Poszukiwania prowadzono zarówno na wodzie jak i na lądzie.
Na miejsce sprowadzono również specjalistyczną grupę wodno-nurkową z Grajewa i Moniek.
Jak tłumaczy w rozmowie z Radiem 5 Arkadiusz Lichota, zastępca Komendanta Powiatowego Państwowej Straży Pożarnej w Grajewie i oficer prasowy jednostki – działania zakończono po godzinie 22.00. Nikogo nie odnaleziono.
W porozumieniu z policją zdecydowano, że akcja nie będzie kontynuowana.

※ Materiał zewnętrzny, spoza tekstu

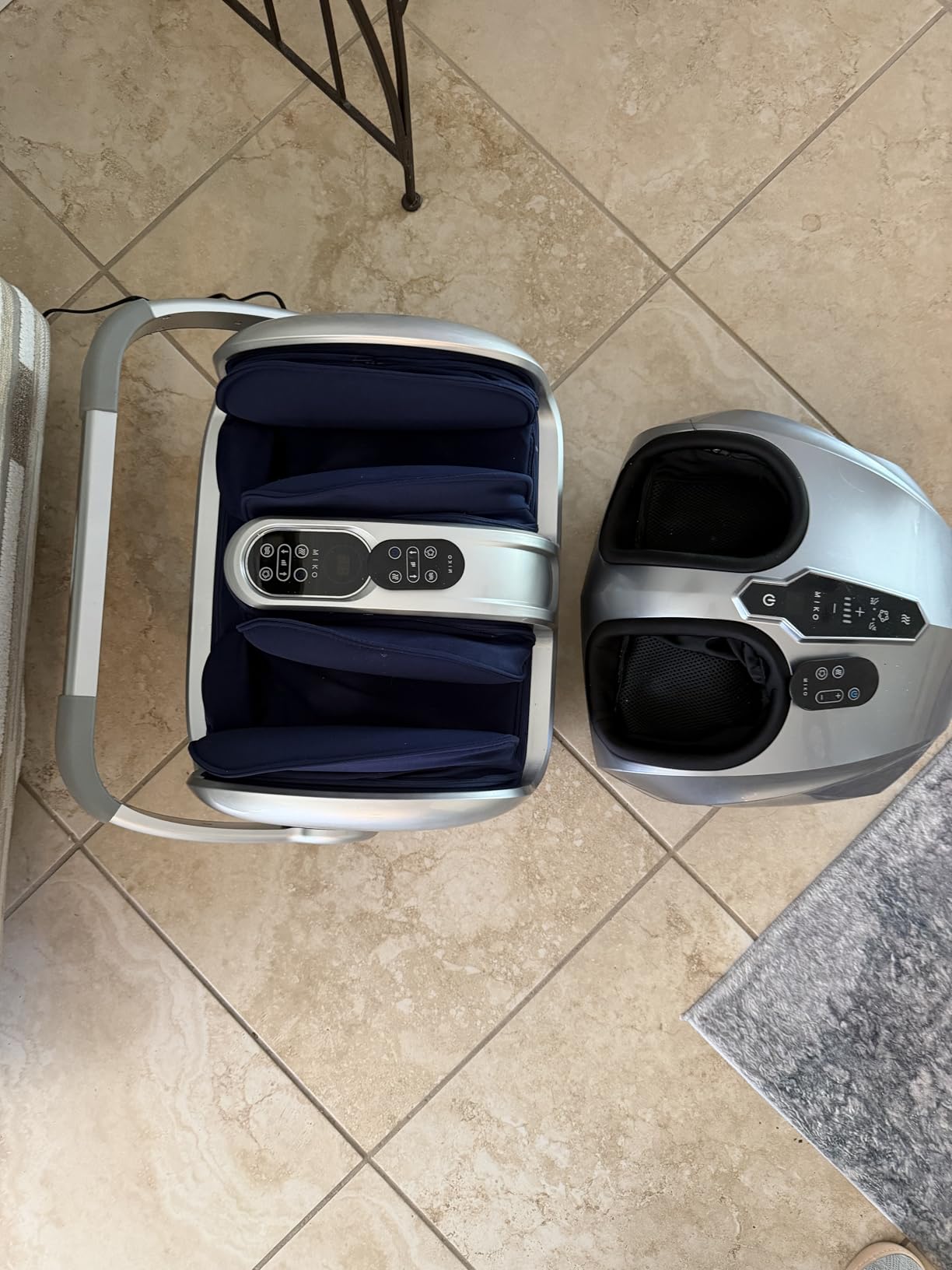 MIKO Shiatsu Foot Massager with Heat for Neuropathy & Plantar Fasciitis, 5 Intensity Levels, Deep Compression customer photo 2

Jak dodaje Arkadiusz Lichota – do służb nie wpłynęło żadne zgłoszenie dotyczące zaginięcia dziecka, co mogłoby uzasadniać wznowienie działań.
W akcji poszukiwawczej uczestniczyło 27 strażaków-ratowników, w tym specjalistyczna grupa wodno-nurkowa oraz okoliczne OSP.
Również w niedzielę (06.06) wieczorem grajewscy strażacy wezwani zostali do wypadku na trasie Grajewo – Toczyłowo na drodze krajowej nr 61. Jedna osoba poszkodowana w dachowaniu auta przetransportowana została do szpitala ogólnego w Grajewie.
Okoliczności zdarzenia drogowego wyjaśniają grajewscy policjanci.